A pulmonary embolism (PE) occurs when a blood clot (or thrombus) in the blood vessels breaks loose, travels through the body (becoming an embolus or mobile clot), and eventually lodges in one of the smaller vessels of the lungs. When a blood clot causes issues in another set of blood vessels, it is called a thromboembolism. When a thromboembolism is particular to the lungs, this constitutes a pulmonary embolism. Here’s a look at what a pulmonary embolism is and how PE can be treated.

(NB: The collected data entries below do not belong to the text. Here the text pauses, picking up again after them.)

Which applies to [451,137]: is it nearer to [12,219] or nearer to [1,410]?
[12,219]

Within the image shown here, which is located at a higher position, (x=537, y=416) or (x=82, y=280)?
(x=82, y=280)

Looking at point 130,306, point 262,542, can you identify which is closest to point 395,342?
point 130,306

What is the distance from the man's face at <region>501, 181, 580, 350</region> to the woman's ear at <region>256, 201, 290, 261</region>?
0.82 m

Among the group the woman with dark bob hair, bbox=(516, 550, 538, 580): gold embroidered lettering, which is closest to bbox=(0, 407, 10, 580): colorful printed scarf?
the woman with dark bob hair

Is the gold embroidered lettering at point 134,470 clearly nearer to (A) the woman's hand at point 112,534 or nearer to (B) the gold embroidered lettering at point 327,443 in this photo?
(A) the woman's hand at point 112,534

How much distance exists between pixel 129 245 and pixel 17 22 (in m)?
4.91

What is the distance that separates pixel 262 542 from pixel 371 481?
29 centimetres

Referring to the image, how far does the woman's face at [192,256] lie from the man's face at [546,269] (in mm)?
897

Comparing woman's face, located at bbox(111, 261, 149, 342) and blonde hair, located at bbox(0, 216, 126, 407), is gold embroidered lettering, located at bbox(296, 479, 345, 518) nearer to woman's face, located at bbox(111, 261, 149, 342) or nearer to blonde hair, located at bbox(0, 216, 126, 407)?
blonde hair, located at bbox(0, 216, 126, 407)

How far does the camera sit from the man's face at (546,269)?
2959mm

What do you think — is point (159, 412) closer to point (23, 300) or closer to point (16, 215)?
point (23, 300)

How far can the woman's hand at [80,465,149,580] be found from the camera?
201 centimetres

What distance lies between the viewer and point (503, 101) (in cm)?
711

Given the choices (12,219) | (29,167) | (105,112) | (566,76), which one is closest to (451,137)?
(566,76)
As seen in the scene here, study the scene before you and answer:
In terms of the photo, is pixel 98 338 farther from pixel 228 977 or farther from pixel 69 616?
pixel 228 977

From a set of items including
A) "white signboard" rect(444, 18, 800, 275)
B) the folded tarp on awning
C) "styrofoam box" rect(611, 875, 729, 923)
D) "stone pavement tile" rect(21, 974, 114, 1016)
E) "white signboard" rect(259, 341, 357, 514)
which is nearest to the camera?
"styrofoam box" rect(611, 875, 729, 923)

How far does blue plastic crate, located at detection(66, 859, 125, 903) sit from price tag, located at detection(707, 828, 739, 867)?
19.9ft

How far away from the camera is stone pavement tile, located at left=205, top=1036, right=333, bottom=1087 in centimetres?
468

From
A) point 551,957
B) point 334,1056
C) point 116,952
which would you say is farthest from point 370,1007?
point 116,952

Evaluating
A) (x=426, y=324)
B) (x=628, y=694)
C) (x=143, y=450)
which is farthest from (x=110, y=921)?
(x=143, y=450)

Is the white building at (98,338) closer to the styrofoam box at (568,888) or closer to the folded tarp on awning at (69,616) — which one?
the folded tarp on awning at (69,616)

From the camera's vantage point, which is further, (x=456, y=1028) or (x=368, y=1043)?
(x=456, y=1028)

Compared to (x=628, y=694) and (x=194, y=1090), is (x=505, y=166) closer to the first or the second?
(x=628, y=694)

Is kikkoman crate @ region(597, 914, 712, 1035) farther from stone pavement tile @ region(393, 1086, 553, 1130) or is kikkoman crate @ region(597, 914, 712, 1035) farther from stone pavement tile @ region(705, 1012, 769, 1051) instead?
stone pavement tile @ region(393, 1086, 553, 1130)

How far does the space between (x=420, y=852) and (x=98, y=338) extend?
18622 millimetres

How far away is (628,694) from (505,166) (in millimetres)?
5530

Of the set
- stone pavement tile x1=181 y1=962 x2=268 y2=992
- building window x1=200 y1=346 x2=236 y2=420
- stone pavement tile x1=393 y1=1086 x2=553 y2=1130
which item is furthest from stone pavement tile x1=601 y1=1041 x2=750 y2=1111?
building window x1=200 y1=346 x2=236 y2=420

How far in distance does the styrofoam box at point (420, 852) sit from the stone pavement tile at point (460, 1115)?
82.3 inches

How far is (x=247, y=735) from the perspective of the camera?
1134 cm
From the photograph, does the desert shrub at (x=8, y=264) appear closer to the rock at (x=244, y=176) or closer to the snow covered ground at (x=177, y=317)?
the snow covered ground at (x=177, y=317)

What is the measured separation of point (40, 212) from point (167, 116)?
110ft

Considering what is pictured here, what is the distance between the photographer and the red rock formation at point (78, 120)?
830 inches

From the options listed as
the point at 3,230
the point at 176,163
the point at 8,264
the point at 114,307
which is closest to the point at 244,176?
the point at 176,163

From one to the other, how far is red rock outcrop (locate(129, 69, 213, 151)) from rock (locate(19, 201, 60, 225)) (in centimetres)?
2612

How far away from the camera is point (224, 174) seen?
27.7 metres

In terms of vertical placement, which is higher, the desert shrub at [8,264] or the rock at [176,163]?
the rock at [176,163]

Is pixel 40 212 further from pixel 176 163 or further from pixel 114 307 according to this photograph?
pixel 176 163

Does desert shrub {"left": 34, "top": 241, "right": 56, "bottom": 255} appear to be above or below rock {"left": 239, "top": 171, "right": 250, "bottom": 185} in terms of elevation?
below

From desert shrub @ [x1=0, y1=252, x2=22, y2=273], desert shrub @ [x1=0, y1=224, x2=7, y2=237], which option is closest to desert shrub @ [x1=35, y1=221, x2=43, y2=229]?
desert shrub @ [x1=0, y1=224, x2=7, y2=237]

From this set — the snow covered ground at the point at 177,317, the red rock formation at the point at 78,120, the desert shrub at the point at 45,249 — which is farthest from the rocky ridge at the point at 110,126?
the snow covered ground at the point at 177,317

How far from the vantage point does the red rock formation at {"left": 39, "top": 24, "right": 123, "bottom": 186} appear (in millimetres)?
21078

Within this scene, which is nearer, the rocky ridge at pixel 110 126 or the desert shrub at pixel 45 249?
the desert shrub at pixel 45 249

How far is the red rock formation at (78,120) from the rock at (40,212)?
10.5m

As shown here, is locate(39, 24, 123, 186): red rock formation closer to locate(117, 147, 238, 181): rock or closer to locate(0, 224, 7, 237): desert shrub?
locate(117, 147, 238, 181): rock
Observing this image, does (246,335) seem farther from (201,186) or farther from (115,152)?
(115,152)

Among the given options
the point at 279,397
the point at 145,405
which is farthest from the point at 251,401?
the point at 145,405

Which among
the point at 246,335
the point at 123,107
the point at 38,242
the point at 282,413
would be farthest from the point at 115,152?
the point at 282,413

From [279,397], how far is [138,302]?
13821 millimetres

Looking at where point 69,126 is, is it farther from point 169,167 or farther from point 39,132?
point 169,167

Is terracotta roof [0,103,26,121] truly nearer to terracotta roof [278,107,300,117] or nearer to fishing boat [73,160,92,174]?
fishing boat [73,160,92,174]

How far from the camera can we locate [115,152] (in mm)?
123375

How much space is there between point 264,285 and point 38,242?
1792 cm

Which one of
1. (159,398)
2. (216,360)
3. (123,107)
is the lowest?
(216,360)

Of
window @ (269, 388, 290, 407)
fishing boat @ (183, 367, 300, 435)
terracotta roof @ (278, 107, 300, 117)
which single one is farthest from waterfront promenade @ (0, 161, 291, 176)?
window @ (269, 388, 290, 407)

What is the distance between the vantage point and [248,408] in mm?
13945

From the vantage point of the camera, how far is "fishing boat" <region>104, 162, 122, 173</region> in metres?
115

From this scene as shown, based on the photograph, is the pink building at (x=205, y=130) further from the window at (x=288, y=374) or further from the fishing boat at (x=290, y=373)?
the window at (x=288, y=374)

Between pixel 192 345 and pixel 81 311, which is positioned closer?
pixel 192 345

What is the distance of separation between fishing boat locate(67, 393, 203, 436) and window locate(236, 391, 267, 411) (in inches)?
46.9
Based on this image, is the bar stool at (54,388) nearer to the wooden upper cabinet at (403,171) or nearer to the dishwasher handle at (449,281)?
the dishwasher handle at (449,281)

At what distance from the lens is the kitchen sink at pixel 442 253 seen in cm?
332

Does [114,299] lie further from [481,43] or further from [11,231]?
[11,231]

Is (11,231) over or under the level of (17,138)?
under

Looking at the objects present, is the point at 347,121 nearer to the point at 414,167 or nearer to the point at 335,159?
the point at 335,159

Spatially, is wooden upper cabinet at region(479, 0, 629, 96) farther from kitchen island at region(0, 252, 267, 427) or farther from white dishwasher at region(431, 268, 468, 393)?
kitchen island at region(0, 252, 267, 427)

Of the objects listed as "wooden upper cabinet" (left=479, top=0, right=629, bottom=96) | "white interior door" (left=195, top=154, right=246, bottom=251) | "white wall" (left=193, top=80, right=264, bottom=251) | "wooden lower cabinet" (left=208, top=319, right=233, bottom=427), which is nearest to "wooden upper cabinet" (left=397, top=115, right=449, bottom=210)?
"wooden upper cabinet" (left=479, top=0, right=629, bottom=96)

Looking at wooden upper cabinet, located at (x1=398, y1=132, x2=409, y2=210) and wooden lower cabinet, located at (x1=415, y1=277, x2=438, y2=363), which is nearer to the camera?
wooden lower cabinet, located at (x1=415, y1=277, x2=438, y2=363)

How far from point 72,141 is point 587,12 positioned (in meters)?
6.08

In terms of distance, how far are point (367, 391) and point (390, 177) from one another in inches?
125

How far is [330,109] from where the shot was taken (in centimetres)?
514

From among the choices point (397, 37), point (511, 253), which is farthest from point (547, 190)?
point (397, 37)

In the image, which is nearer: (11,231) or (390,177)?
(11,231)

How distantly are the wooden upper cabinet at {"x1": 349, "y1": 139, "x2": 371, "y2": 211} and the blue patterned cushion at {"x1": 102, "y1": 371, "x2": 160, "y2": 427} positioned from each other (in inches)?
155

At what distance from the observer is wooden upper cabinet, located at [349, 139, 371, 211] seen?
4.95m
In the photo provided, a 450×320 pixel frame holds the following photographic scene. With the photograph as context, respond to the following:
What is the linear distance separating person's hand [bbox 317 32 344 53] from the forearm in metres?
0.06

What is a Pulmonary Embolism?
PE can be life threatening. When an embolus comes to lodge in the heart, it causes a heart attack. If it lodges in the brain, a type of ischemic stroke can occur. Clearly, embolisms are serious business. When it comes to a pulmonary embolism, the blood clot can lodge in the blood vessels that help replenish oxygen for the whole body. Generally, blood clots begin in the legs and deep veins of the muscles (the source of the term deep vein thrombosis). It is these clots that can break free from vessels in the legs.
While a clot in the legs can be problematic and dangerous, it doesn’t completely disrupt the circulatory system in the way that a pulmonary embolism can. Additionally, the Mayo Clinic reports that most cases of PE involve multiple embolisms, although they may not all arise at the same time. The most common signs and symptoms of PE include shortness of breath, coughing up blood, and chest pain similar to that of a heart attack. It is imperative that you seek immediate medical care if you experience these or other signs of PE.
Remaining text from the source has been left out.